“That’s right. We’ve wasted too much time in talking as it is, and—”

“But Harry—Madelaine—she loves you.”

He wrested himself from her violently, and stood with his hands pressed to his head. A few moments before he had been firm and determined, but the agonised thought of Madelaine and of giving her up for ever had ended the fictitious strength which had enabled him to go so far.

It was the result of his long agony shut up in that cave; and though he struggled hard he could do no more, but completely unnerved, trembling violently, and glancing wildly from time to time at the door and window, he sank at his sister’s feet and clutched her knees.

“Harry, Harry!” she whispered—she, the stronger now—“for Heaven’s sake don’t give way like that.”

“It’s all over now. I’m dead beat; I can do no more.”

“Then let me go for father; let me fetch him from Van Heldre’s.”

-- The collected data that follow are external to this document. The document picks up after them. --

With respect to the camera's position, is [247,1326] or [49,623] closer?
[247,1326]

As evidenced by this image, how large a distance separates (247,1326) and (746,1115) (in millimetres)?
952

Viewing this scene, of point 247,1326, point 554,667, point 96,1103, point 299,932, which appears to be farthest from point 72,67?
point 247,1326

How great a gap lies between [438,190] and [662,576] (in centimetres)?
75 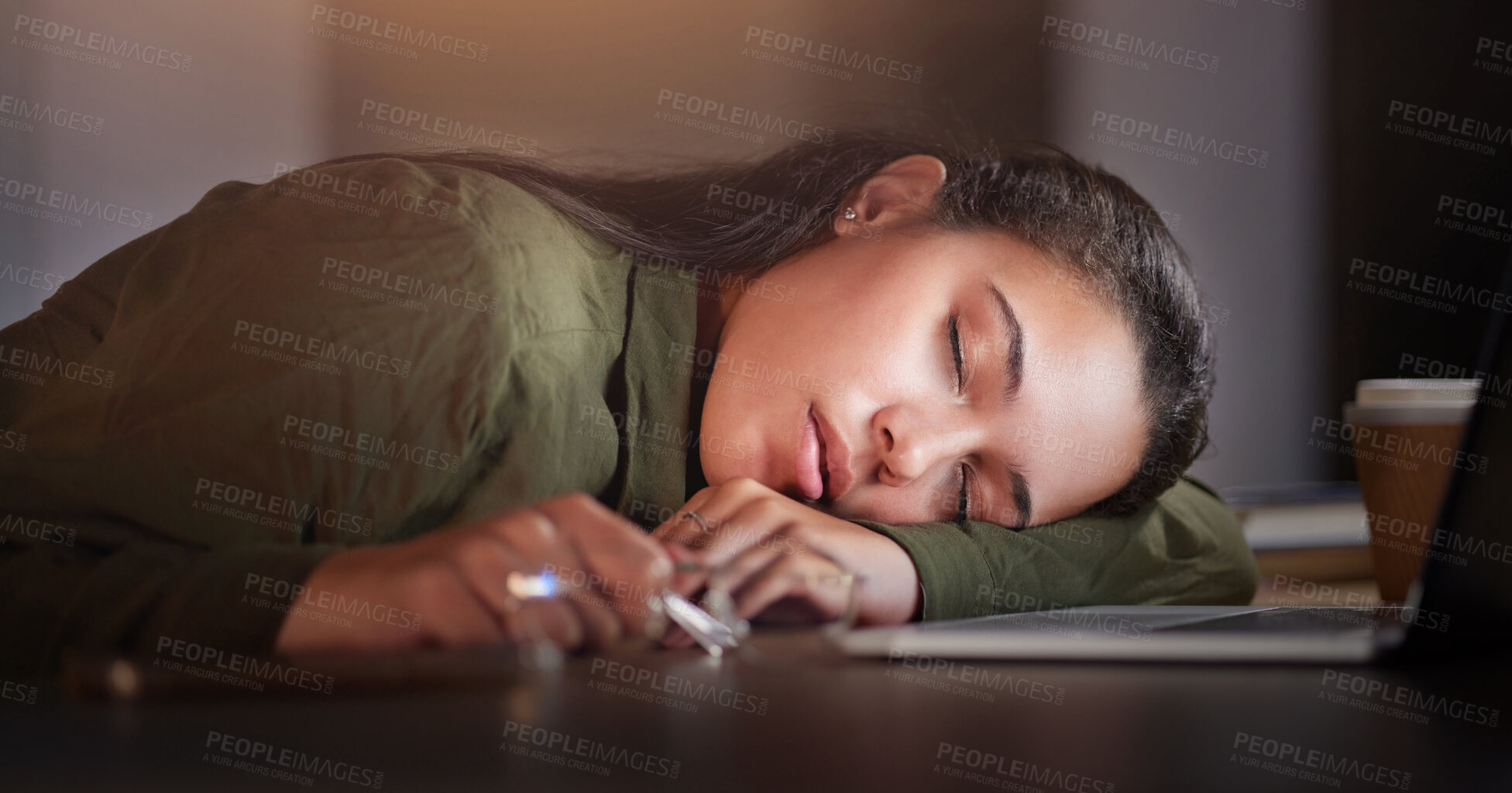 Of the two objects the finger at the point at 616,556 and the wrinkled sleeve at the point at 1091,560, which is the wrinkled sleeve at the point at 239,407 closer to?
the finger at the point at 616,556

“Yes,” he moaned; “and while you are gone I’ll go down to the end of the point and jump in. This time I shall be too weak to swim.”

“Harry, don’t talk like that!” she cried, embracing him, as she saw with horror the pitiable, trembling state in which he was.

“I can’t help it,” he whispered as he clung to her now like a frightened child, and looked wildly at the door. “You don’t know what I’ve suffered, buried alive like, in that cave, and expecting the sea to come in and drown me. It has been one long horror.”